• Exercise inputs:
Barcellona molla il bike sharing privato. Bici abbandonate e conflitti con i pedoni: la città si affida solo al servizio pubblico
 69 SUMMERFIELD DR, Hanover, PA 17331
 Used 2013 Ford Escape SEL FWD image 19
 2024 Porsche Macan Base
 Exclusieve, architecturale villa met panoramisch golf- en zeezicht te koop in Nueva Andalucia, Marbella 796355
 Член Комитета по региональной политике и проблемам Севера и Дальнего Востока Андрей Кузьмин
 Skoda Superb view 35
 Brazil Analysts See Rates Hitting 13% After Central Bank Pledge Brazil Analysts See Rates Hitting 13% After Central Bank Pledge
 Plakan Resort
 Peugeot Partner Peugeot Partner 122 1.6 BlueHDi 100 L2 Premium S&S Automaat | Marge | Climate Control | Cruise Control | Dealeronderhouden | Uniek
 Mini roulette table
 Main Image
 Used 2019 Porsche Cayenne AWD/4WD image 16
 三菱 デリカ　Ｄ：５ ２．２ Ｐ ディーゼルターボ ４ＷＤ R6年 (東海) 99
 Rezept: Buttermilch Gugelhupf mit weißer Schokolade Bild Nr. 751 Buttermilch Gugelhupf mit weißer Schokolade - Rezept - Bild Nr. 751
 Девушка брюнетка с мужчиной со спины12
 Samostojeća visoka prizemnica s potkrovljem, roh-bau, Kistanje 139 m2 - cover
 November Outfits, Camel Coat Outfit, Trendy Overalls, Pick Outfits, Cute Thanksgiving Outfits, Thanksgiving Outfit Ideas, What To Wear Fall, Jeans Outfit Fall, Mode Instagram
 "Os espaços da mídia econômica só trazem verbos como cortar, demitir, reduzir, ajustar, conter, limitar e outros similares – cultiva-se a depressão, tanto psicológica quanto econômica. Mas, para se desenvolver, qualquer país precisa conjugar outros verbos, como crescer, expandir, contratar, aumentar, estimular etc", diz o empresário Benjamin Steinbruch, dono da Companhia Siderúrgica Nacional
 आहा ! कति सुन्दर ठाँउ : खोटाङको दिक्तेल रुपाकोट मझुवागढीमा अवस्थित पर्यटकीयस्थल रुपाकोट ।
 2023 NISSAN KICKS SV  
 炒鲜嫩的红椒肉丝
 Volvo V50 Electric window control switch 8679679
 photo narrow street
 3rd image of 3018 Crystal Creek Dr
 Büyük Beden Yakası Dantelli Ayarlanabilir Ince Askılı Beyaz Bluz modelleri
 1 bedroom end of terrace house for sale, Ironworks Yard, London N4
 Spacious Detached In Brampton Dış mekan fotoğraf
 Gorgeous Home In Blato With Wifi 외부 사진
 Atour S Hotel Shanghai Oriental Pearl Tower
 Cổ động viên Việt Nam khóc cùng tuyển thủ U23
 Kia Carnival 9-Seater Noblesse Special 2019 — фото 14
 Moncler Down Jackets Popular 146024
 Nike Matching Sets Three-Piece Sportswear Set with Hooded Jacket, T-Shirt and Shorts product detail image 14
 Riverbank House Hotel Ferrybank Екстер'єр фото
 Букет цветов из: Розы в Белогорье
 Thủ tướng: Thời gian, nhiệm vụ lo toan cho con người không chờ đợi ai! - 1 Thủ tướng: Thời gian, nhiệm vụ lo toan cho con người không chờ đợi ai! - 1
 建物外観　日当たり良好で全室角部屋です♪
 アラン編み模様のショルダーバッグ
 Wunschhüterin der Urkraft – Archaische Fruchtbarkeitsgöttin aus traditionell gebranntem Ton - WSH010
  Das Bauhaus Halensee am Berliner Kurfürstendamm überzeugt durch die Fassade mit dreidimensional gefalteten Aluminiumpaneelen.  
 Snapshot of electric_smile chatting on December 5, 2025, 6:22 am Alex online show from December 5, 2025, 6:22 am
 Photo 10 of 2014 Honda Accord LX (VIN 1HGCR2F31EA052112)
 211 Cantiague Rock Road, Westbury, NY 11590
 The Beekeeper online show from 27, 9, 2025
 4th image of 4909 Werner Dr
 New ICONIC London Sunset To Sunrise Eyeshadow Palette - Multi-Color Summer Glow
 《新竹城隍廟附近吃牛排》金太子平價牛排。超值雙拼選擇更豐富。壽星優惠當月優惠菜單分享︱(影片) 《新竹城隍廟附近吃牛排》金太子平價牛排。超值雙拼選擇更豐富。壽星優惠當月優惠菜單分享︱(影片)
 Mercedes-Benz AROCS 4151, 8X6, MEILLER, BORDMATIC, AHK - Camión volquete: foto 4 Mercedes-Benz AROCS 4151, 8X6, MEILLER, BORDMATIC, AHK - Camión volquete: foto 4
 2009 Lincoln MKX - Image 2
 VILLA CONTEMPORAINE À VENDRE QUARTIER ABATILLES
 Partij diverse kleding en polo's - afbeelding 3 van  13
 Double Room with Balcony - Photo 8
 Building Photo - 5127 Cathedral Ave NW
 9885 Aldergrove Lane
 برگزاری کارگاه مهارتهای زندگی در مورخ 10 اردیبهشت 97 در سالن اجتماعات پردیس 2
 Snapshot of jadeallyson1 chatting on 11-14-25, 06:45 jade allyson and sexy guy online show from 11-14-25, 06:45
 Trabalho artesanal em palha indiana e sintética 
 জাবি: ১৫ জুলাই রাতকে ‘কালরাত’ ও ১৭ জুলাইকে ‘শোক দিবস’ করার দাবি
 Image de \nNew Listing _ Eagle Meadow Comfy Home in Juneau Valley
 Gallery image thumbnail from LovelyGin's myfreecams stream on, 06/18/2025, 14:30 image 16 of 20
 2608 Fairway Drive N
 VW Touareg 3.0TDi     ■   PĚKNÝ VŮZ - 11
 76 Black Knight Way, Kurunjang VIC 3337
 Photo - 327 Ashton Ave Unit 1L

• Work to be completed: Leaving out every line before the one with "VW Touareg 3.0TDi", print the rest of the listing above exactly, through its final line.

• Exercise answer:
 VW Touareg 3.0TDi     ■   PĚKNÝ VŮZ - 11
 76 Black Knight Way, Kurunjang VIC 3337
 Photo - 327 Ashton Ave Unit 1L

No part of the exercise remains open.